Flipping the Facebook Iceberg
How Analytics Can Help Data Controllers Find Everything They Store
On the day that Facebook CEO, Mark Zuckerberg, faced senators’ questions over his company’s treatment of consumers’ personal data, Rowland Manthorpe wrote in Wired magazine that the Cambridge Analytica scandal had led many US observers to reverse their views on data protection regulation in Europe, “GDPR covers not only individuals based in the European Union, but also data that is processed there. Since Facebook’s global data processing unit is in Ireland, that means any of its users outside the US and Canada are subject to its terms. On May 25th, everyone from Australia to Zimbabwe gets new rights.”
EU GDPR brings in the ‘five commandments’ for data consent, namely that it is unbundled, active, granular, named and easy to withdraw. From May 25th, any service provider that has dealings with the EU is legally obliged to erase your data, or return it to you in a portable format.
Manthorpe cites the challenges that Facebook faces in complying with the right of access enshrined in the new regulation. He quotes technology policy researcher, Michael Veale’s views on Facebook’s feature, which enables users to download their data from the social network, “Facebook has a record of every like, every click, every interaction on its site, as well as the inferences drawn from this data, to categorise people by class, political allegiance or spending power. But only the very tip of this vast iceberg appears in the download, Veale says.”
To mitigate the risk of non-compliance after May 25th, and to control data sprawl to enable it to be more easily governed, organisations need to first locate all of the personally identifiable information (PII) across the business. Compiling such a data inventory is easier said than done. This is where automated PII discovery tools, such as our Accelerator for GDPR PII Compliance Analysis can help to jump-start the process and flip the iceberg.

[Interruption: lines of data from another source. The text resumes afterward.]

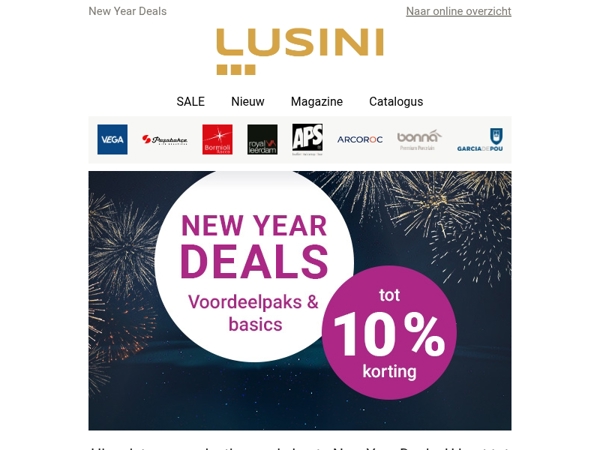 Bespaar tot 10% op onze beste New Year Deals!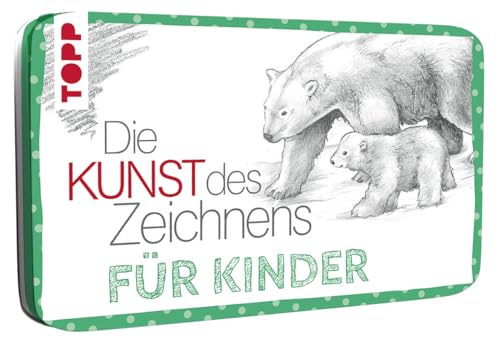 Die Kunst des Zeichnens für Kinder Zeichenmaterial mit Metalldose: Das Zeichenset für kleine Künstler: 3 Bleistifte (H, HB, 2B), Radiergummi, ... Spitzer in Designdose (19 x 11,5 x 1,9 cm)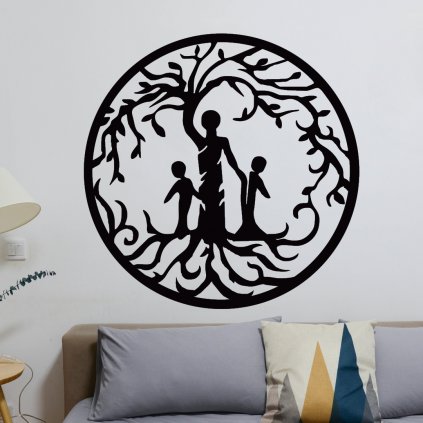 Drevená dekorácia na stenu strom života - Otec s deťmi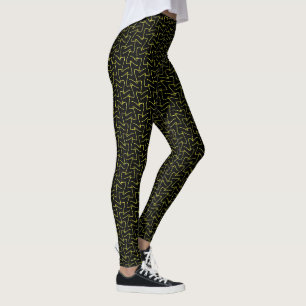 Cool Abstract Yellow and Black Squiggles Pattern Leggings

Using software and analytics, automated discovery can dynamically detect PII in structured data sources and compare it against expected outcomes in a set of categorisations. This automation accelerates the process of determining the occurrence, location and prevalence of unorganised and unknown data, making it easier to establish where PII exists, as well as documenting what data is expected and where it should reside.
Deep, targeted analysis can then help organisations to identify any compliance shortfalls and give better visibility of their data estate, to support GDPR compliance and wider data governance strategies.